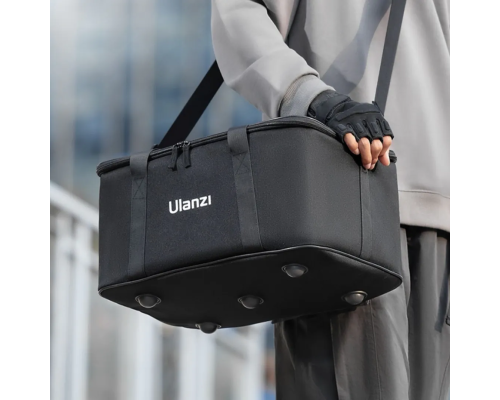 Сумка Ulanzi VijimOM-01 Multifunction storage bag (B014 OM-01) (B014)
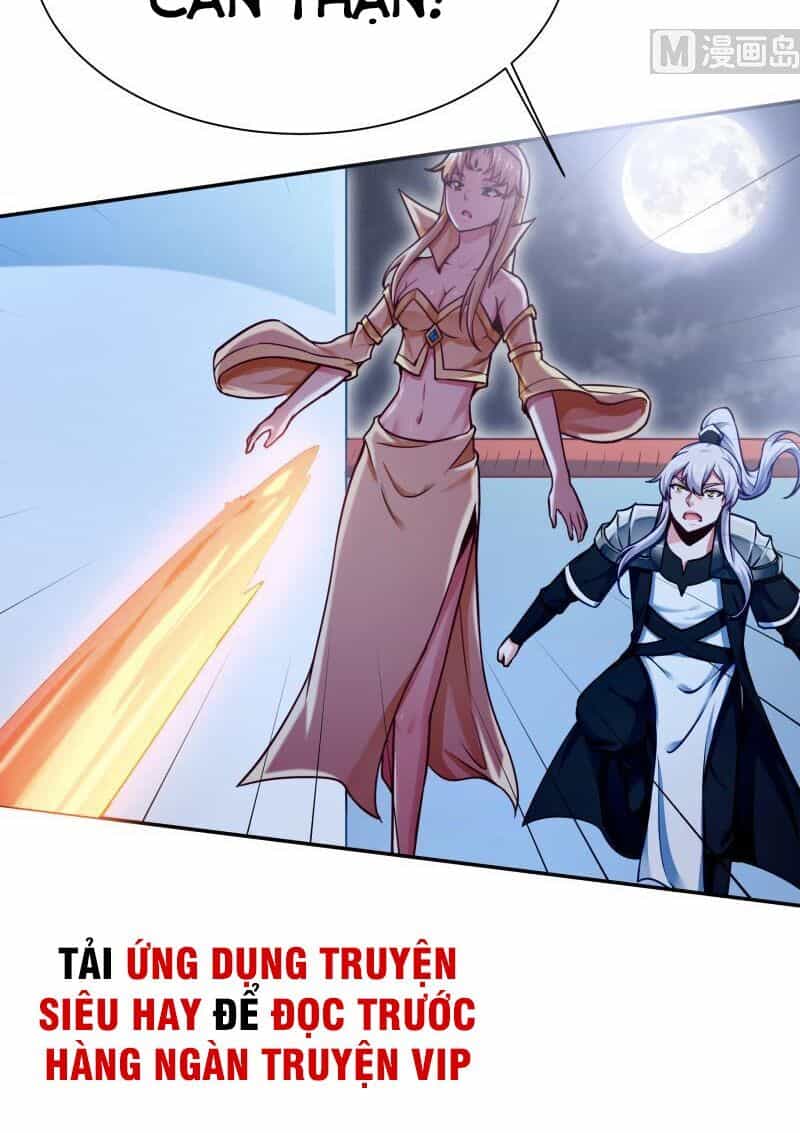 Vô Thượng Thần Vương - Chương 172 - ảnh 2
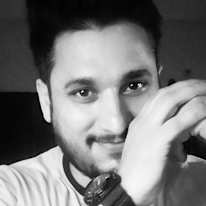 Vineet Choubey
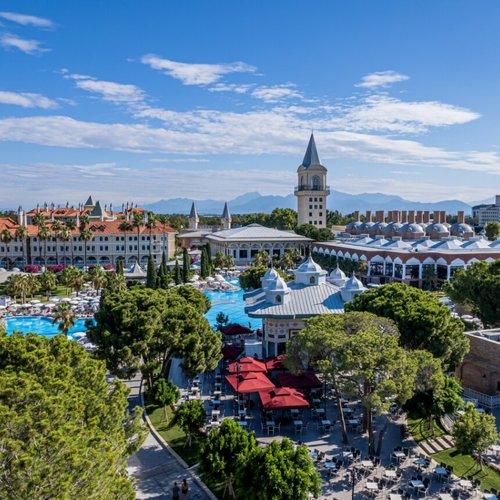 THE 10 BEST Antalya All Inclusive Resorts 2025 (with Prices) - Tripadvisor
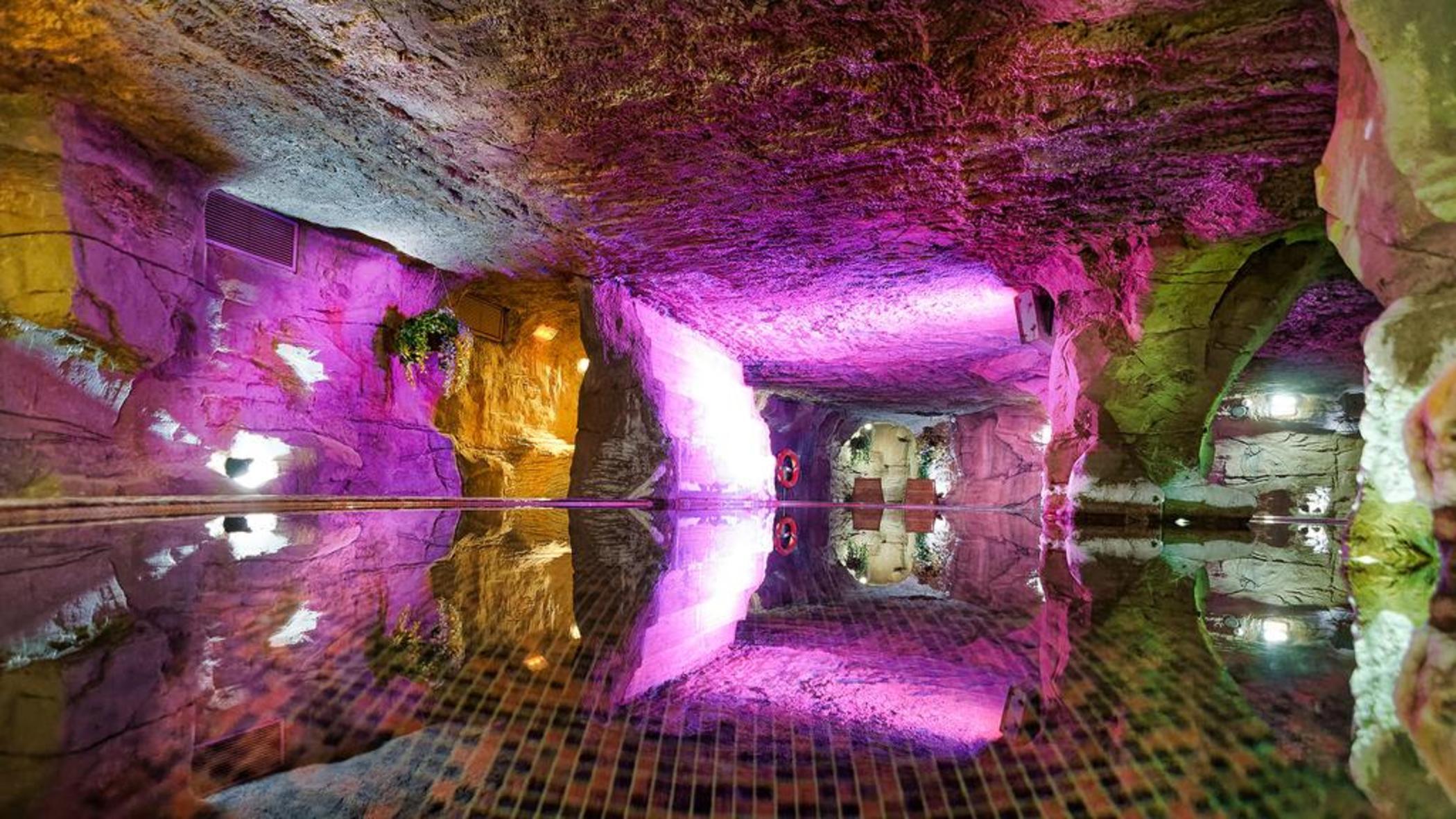 Bull Escorial & Spa Playa del Ingles  Dış mekan fotoğraf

** AIM OF THE EXERCISE **
Output the complete listing exactly. Pictures stay out.

** WRITTEN RESPONSE **
 Сумка Ulanzi VijimOM-01 Multifunction storage bag (B014 OM-01) (B014)
 Vô Thượng Thần Vương - Chương 172 - ảnh 2
 Vineet Choubey
 THE 10 BEST Antalya All Inclusive Resorts 2025 (with Prices) - Tripadvisor
 Bull Escorial & Spa Playa del Ingles  Dış mekan fotoğraf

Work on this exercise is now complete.